Ability Works pays about $4,000 a month for rent. In the new building, they wouldn’t pay any fee for space.

“We tried to look at what we need to do here, but the cost to purchase this building was out of our range, and we decided to move” Young said.

Among the jobs some workers, including adults with disabilities, complete for area businesses:

• Creating and manufacturing signs, decals, street banners and vinyl window graphics.

• Archiving paperwork into an easy-to-manage online records system.

• Labeling products, such as water bottles.

• Assembling nuts and bolts and other jobs for area manufacturers.

• Shredding documents.

• Subcontracting for custodial work.

• Cleaning homes.

Other clients affiliated with Ability Works landed jobs with Kalahari Resort, Firelands Regional Medical Center, Sawmill Creek Resort, Meijer and the Erie County Humane Society.

“There are more than 800 adults with developmental disabilities in Erie County who need support to live in their community and be part of their community,” Young said. “We make that happen”

Ability Works provides transportation to those needing rides to jobs and community events.

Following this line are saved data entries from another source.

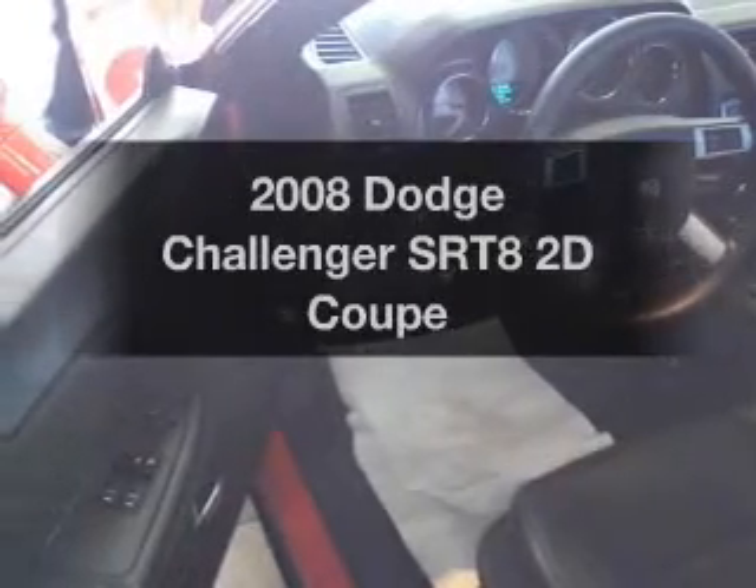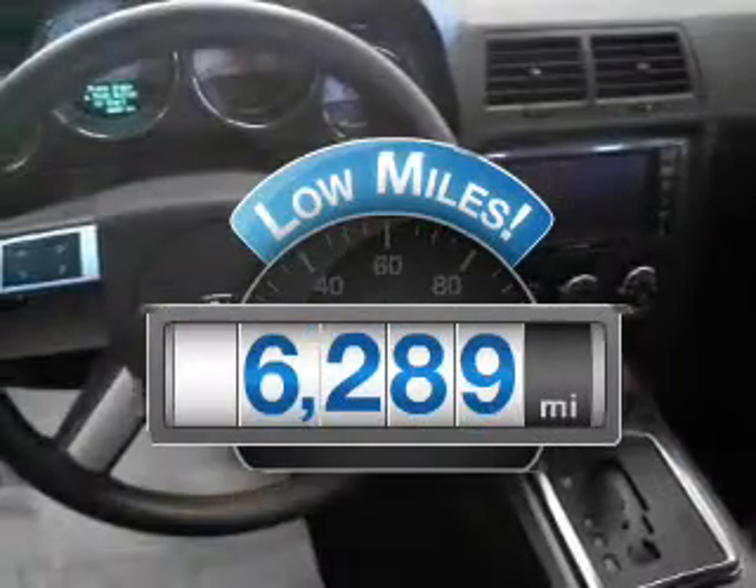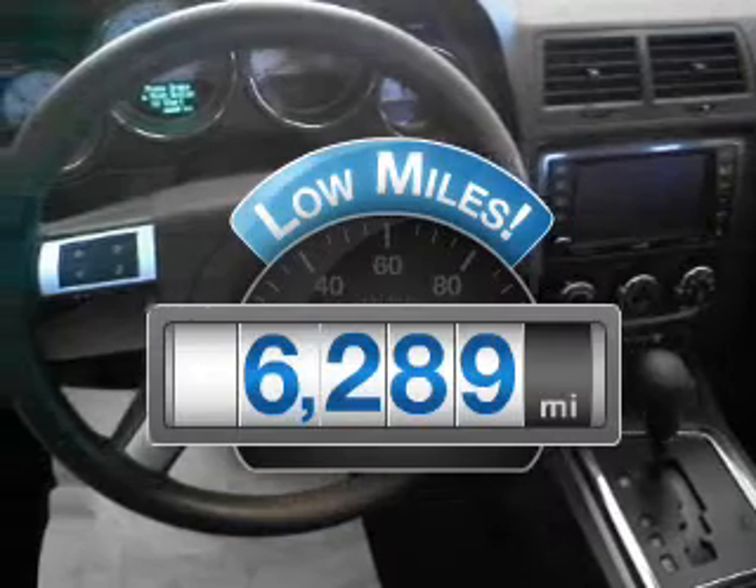Imagine yourself in this 2008 Dodge Challenger. Travel the roads in style and comfort in this great vehicle. Low mileage is an important factor in your purchase, and this vehicle delivers a low odometer reading, with a reliable engine connected to a smooth shifting automatic transmission.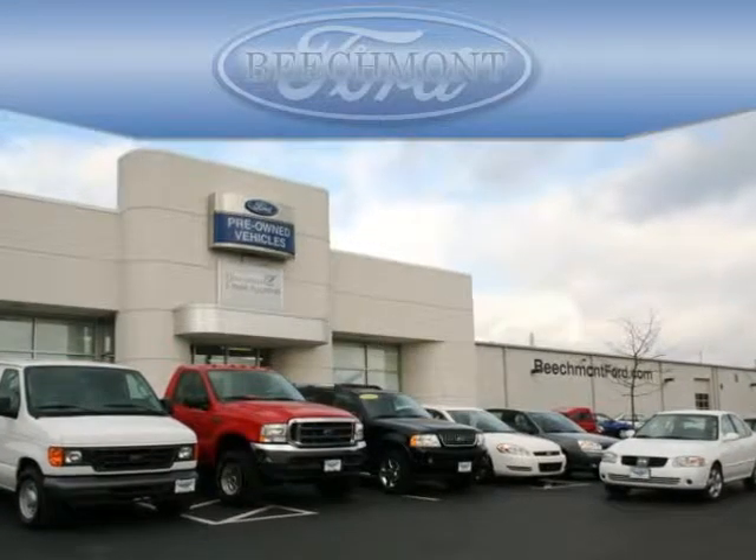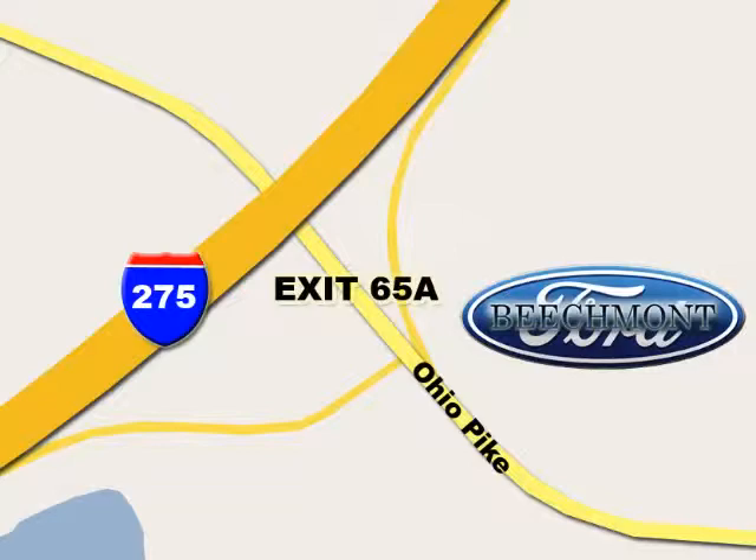Beachmont Ford. We're a friend in the community. Stop in today — we're easy to find off I-275 and exit 65A Beachmont Avenue.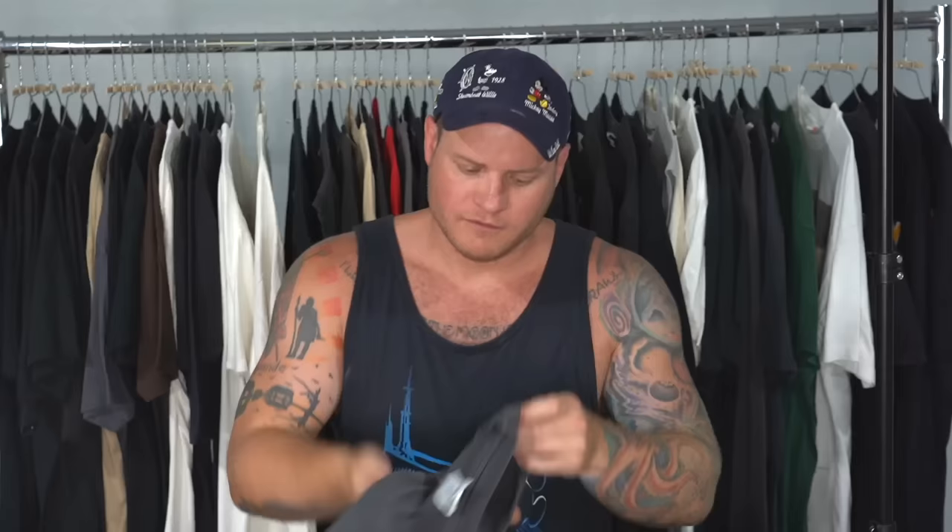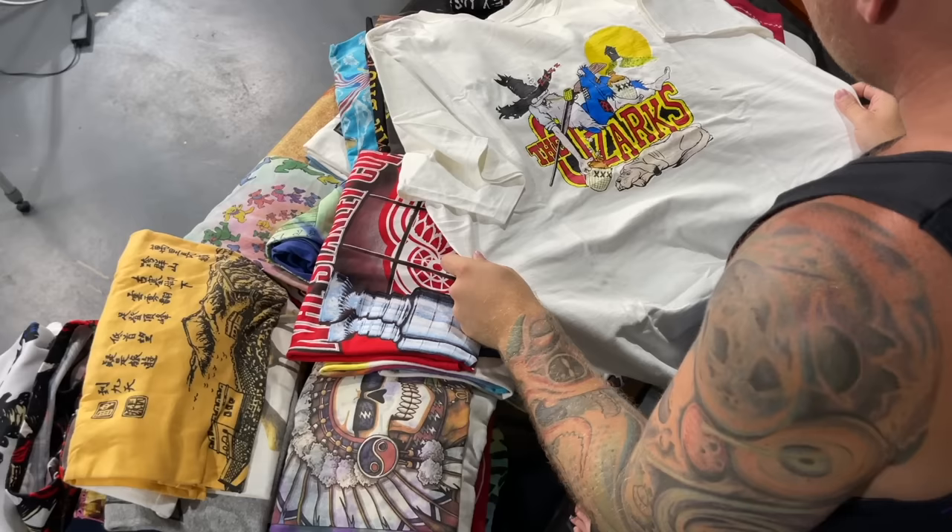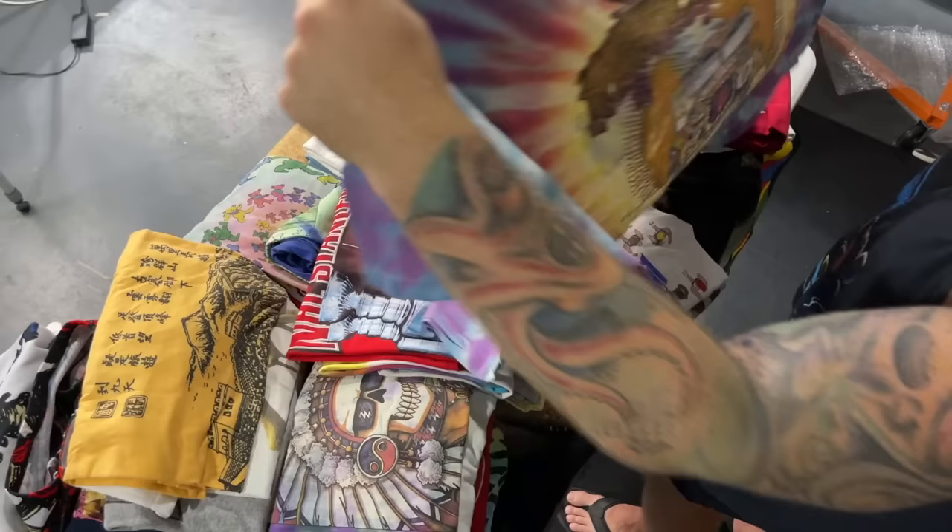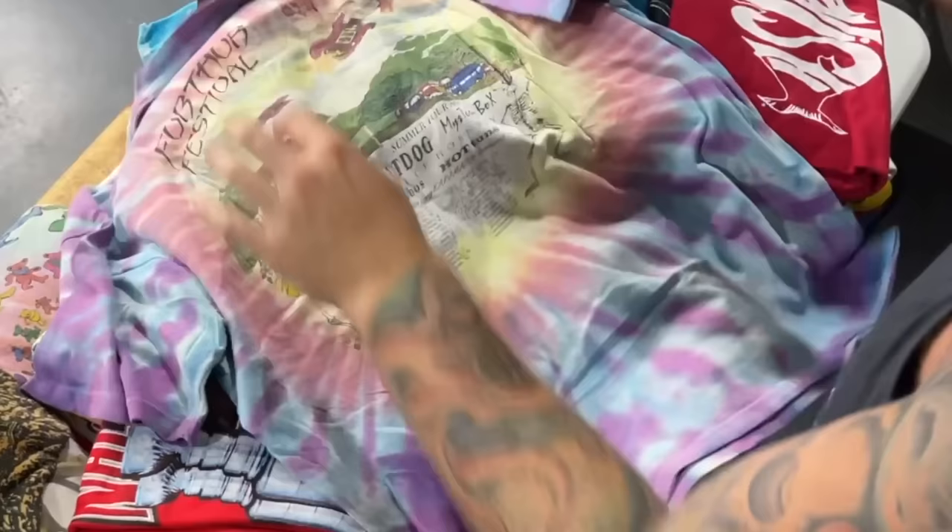90s Woodstock — Woodstock '94. Vintage Grateful Dead giant piece. The Ozarks — 90s Ozarks piece. Here's a little Further Festival shirt — 1996 Further Festival.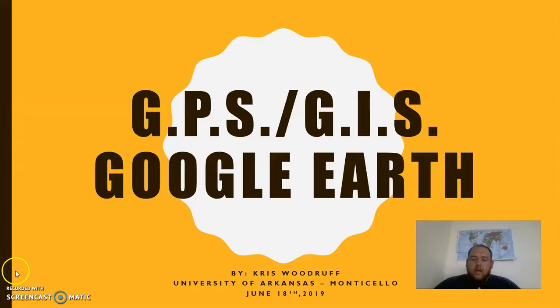Hello, my name is Chris Woodruff and I'm a student at the University of Arkansas, Monticello. My final presentation is on GPS, GIS, and Google Earth. I'm going to show how education is evolving and taking us from a standard paper map to a new online digital map.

The company — funded mostly through Medicaid reimbursements — also offers day services, or a safe environment where adults with disabilities can  play, learn, interact or just get away from stressful situations for a bit.

Ability Works, 2008 to present

• 185: Total number of adults with disabilities served

• $5.77 million: Gross payroll

• 40,400: Number of rides provided

• 1,500: Number of people served through special events

Source: Ability Works



"Ability Works pays $4,000 dollars per month for rent. In the new building, they won't pay any fee for space."

Don't they have to pay back the loan? Isn't that considered a "fee for space" ?

With Sandusky's horrible track record on defaulted loans and late payment of loans I guess you are correct. "They won't pay any fees for space."

County Resident

That comment was slightly misleading. The hope is to raise enough money to keep our mortgage payment as low as possible so our revenue can be reinvested into our programs for the individuals.


This is a win-win for Sandusky with at least 75 employees being transferred to Sandusky. Congratulations Ability Works and thumbs up for choosing to relocate to the city.



Brick Hamland

Andy didn't do all his homework on this article... If they are planning a capital campaign to pay for the purchase the money to actually purchase it had to come from somewhere... either they paid cash or have alternative financing for the upfront purchase. The seller isn't going to give them the building for a promise that they will raise the funds in the future.


This is great that Ability Works dose this. As far as the city saying " Its a win, win ", a few more ambulance calls, with less guys since they are lying them off. yep, a win win.